Modification of reactive PB‐g‐SAG core–shell particles to achieve higher toughening ability for brittle polylactide

Abstract Core–shell structured particles have been used to toughen brittle polylactide (PLA) extensively. In this research, reactive core–shell (RCS) particles with polybutadiene (PB) as core and the terpolymer styrene–acrylonitrile‐glycidyl methacrylate as shell were prepared to improve the toughening ability of RCS for PLA. The tert‐dodecyl mercaptan (TDDM) content was varied during polymerization and higher TDDM concentrations induced lower grafting and cross‐linking of the PB phase, which significantly influenced the dispersed phase morphology and toughness of RCS toughened PLA blends. With the increase of TDDM content, the phase morphology of RCS changed from uniform dispersion, net‐like structure to an agglomeration pattern. The impact strength of PLA blends increased with TDDM content and reached 922 J/m for the PLA/RCS‐T5 (TDDM: 1.18 wt%), which was 30 times higher than pristine PLA and ~3 times than PLA/RCS‐T0 blend. Higher TDDM contents decreased toughening efficiency.

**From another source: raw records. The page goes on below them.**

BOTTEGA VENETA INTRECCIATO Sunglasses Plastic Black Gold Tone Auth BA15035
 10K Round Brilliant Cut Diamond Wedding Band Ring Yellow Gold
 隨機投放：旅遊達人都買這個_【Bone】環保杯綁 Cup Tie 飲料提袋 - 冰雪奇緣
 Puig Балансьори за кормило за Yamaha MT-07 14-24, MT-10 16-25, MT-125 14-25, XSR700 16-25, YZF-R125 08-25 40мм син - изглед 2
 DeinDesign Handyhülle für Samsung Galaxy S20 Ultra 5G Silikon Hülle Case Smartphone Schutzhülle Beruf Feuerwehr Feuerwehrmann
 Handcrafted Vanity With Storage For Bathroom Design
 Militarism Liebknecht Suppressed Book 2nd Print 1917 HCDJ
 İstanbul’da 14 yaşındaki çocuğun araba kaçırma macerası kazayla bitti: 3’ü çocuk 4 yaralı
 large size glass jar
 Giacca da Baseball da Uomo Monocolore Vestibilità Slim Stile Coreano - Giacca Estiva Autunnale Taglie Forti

Appropriate TDDM contents decreased the glass transition temperature ( T g ) and cross‐linking degree of RCS particles which enhanced the cavitation ability of the PB core phase and promoted the shear yielding of PLA matrix. The modification effect of TDDM solves the problem of insufficient toughening ability of core–shell particles. Under the same toughener content, the modified RCS particles make the PLA blend achieve super toughness.